Employee Compensation Plans

Equity Incentive Plans.

The Company maintains the Heritage Bankshares, Inc. 1987 Stock Option Plan and the Heritage Bankshares, Inc. 1999 Stock Option Plan (collectively, the “Legacy Stock Option Plans”) for the benefit of key employees and nonemployee directors. Of the 480,000 shares authorized for option grants under the Legacy Stock Option Plans, 440,000 shares were authorized for grants to employees and 40,000 shares were authorized for grants to nonemployee directors. Concurrently with its approval of the 2006 Incentive Plan (described below), the Board of Directors terminated the Company’s ability to issue new awards under the Legacy Stock Option Plans.
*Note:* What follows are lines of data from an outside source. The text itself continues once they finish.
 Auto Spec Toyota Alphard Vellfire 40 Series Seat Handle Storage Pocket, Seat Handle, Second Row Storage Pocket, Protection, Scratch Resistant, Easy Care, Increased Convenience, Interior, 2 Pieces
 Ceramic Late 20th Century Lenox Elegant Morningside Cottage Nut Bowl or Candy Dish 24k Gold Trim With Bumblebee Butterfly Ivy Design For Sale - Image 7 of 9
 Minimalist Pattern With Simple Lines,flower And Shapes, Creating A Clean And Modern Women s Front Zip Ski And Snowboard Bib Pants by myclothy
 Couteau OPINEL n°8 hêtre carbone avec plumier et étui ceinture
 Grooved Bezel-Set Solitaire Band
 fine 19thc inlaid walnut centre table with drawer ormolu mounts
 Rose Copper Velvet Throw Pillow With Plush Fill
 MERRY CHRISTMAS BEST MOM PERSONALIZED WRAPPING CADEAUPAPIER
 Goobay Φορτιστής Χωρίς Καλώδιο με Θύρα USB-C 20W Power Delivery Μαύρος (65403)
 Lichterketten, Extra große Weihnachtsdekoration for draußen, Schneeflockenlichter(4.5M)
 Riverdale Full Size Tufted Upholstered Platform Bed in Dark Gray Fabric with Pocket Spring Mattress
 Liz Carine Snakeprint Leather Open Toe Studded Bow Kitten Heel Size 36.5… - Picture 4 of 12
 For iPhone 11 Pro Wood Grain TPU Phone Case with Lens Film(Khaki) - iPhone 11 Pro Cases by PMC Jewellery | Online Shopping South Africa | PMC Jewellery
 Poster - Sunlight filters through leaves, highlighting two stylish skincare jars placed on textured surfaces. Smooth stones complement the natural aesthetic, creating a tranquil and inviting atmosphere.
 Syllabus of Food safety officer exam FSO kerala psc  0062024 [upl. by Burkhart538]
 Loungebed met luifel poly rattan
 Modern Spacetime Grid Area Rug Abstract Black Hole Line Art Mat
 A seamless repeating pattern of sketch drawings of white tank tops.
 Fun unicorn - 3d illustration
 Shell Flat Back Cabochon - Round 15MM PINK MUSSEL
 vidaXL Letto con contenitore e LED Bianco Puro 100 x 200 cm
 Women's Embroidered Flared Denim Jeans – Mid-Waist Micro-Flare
In 2006 the Company adopted the Heritage 2006 Equity Incentive Plan, as amended and restated effective January 28, 2009, and subsequently amended January 25, 2012 and August 22, 2012 (the “2006 Incentive Plan”), which authorizes the grant of stock options, stock appreciation rights, restricted stock and certain other equity awards with respect to the Company’s common stock to key employees and non-employee directors. The maximum number of shares of the Company’s common stock that may be issued under the 2006 Incentive Plan is 250,000. The option price of either a nonstatutory stock option or an incentive stock option granted under the 2006 Incentive Plan will be the fair market value of the Company’s common stock on the date of grant. The Board of Directors recently amended the definition of “Fair Market Value” under the Plan to consist of the following: (i) the price of the last sale of a share of the Company’s common stock on the OTC Markets Group (or successor interdealer quotation system) occurring prior to the grant date of the applicable award; or (ii) if (i) is inapplicable, the fair market value as determined in good faith by the Board of Directors.

Deferred Compensation Plans.

Director Deferred Compensation Arrangement. In 1985, the Company entered into a deferred compensation and retirement arrangement with certain directors and subsequently with one officer. (As described below under “Director Compensation”, only one current director of the Company, Stephen A. Johnsen, is a participant in this deferred compensation plan.) The Company’s policy is to accrue the present value of estimated amounts to be paid under the contracts over the required service period to the date the participant is fully eligible to receive the benefit.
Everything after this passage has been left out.